The former bank manager and local councilor in Nantes had started taking Requip for Parkinson's disease in 2003. He said that he had tried to commit suicide eight times after the drug turned him into a sex and gambling addict.
"After first taking the drugs I was bursting with energy. I would get up at four in the morning and run ten-and-a-half kilometers," he told the court, according to The Sun.
"Then my neurologist increased the dose and I completely lost the plot," he said.
"I discovered internet gambling, and at first it was just a bit of fun but I soon became addicted."
He said he emptied his bank account, sold his children's toys and stole money from his co-workers, friends and neighbors.

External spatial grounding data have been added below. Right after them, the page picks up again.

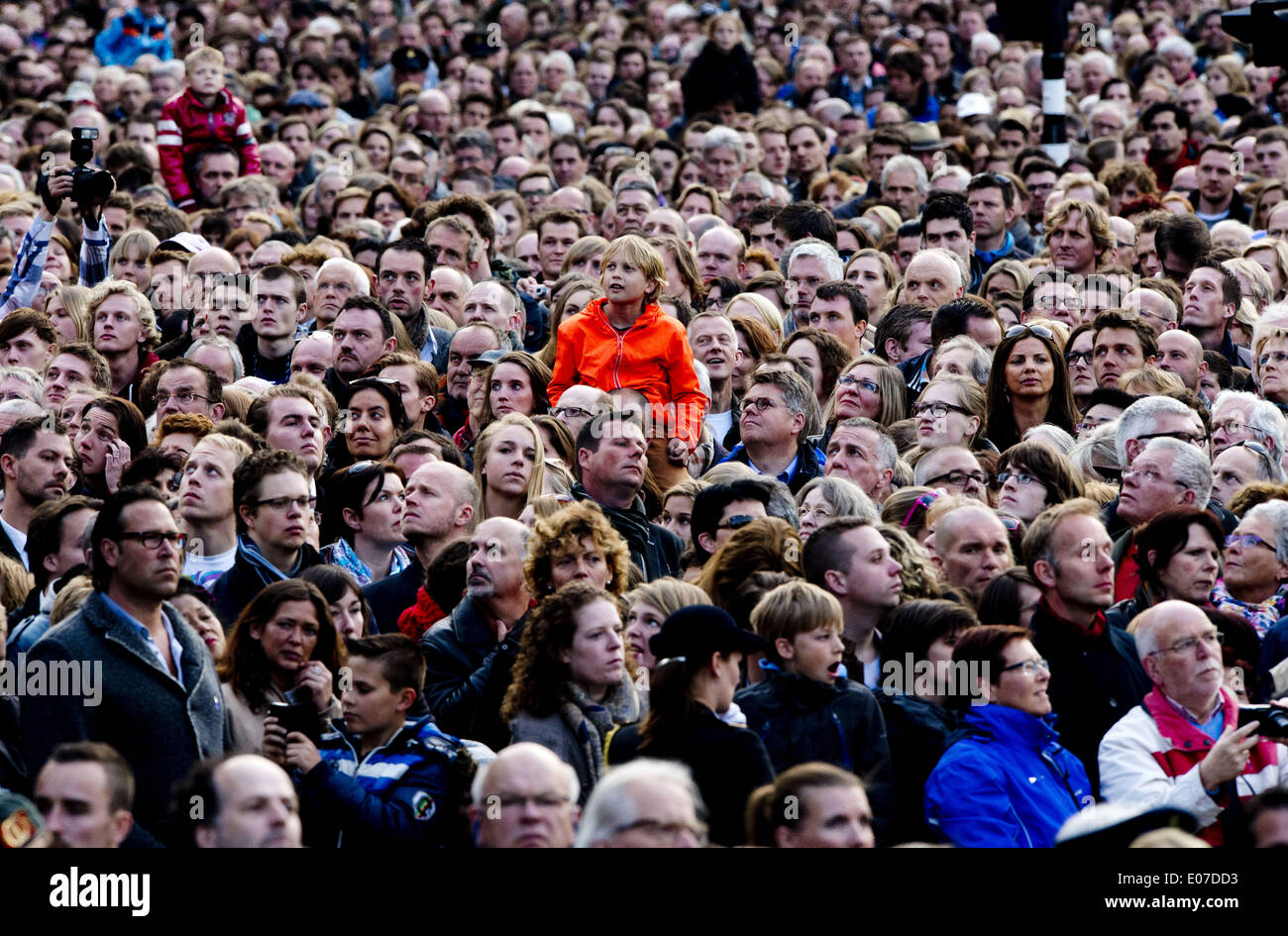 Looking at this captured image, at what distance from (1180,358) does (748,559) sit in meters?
4.12

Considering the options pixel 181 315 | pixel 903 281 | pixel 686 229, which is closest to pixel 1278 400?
pixel 903 281

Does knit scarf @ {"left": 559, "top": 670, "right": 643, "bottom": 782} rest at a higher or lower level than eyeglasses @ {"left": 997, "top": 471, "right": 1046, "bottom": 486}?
lower

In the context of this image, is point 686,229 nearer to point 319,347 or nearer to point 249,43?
point 319,347

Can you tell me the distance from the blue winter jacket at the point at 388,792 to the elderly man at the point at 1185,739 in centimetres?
213

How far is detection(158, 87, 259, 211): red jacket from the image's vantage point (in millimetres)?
16266

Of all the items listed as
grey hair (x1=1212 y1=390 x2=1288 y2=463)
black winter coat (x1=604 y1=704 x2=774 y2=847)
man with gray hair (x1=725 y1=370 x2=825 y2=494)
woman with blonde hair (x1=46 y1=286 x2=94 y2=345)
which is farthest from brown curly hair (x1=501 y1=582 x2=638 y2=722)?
woman with blonde hair (x1=46 y1=286 x2=94 y2=345)

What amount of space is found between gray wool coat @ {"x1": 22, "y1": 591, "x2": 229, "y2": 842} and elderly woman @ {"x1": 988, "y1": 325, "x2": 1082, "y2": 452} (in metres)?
5.07

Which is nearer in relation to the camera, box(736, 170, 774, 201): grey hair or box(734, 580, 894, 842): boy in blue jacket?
box(734, 580, 894, 842): boy in blue jacket

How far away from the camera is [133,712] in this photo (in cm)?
649

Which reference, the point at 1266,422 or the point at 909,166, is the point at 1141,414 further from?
the point at 909,166

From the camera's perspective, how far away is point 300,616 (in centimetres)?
693

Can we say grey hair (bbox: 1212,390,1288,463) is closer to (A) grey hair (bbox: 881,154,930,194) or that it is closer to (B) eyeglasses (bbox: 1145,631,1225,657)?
(B) eyeglasses (bbox: 1145,631,1225,657)

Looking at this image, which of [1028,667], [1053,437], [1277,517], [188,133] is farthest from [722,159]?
[1028,667] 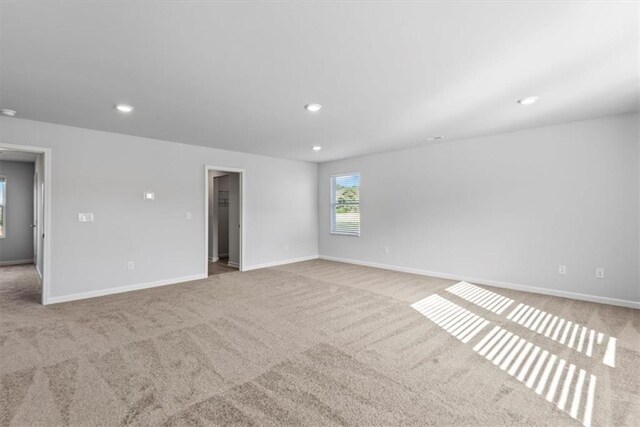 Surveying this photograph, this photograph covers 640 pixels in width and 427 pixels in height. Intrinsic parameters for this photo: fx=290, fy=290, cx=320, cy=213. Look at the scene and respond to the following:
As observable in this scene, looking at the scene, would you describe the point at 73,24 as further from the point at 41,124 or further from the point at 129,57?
the point at 41,124

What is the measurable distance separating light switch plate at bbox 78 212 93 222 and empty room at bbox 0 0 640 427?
2.0 inches

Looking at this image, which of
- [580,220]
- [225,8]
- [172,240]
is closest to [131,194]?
[172,240]

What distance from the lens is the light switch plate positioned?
4.14 meters

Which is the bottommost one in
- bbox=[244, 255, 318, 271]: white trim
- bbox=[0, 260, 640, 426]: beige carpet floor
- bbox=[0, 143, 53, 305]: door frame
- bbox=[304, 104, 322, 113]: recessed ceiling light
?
bbox=[0, 260, 640, 426]: beige carpet floor

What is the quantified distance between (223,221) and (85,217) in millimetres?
3751

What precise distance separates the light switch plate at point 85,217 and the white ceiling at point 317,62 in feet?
4.06

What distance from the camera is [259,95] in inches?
119

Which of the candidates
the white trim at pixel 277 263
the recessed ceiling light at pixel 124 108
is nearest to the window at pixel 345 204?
the white trim at pixel 277 263

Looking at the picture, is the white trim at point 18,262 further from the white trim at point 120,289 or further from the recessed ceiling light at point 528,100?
the recessed ceiling light at point 528,100

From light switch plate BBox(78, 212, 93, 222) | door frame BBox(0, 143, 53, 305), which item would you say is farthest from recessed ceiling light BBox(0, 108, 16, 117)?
light switch plate BBox(78, 212, 93, 222)

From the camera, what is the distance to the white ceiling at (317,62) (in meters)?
1.77

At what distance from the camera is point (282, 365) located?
237cm

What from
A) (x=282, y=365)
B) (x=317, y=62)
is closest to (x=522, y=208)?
(x=317, y=62)

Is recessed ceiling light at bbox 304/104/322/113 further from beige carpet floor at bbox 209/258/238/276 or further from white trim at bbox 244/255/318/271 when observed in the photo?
beige carpet floor at bbox 209/258/238/276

He said when his doctor increased his medication dosage again in November 2005, he became even more addicted, and at times even felt the urge to kill someone.
He said that the drug had also turned him into a "hypersexual, gay, cross-dresser," and he "started seeking out sex with men" and exhibiting himself on the Internet and arranging dangerous encounters, one of which resulted in him being raped.
He said that his family and those around him had not understood what was going on at first.
He said that his behavior had returned to normal when he stopped taking the drug in 2005 after he stumbled upon a website that made the link between Requip and addictions.
"My life was hell. It still is because you cannot forget a catastrophe like that," he said.
The court heard that the warnings about Requip's side-effects had only been made public in 2006. Jambart said that Glaxo should have informed patents earlier.
"There was no warning of these side effects that came with the drug, although this finally appeared on the packet in 2006, showing the makers were aware of the risks much earlier," he said.
ReQuip, also sold under the name Ropinirole, adjusts dopamine levels in the brain to treat Parkinson's patients, a neurological disorder of the nervous system that affects movement, muscle control and balance.
Jamabart agreed that Requip was a "good medicine" and offered treatment to people with Parkinson's disease, but he said that the side effects of the drug "must be transparent".
GlaxoSmithKline had told the court that it had "serious doubts" that Jambart had developed his addictions after taking Requip.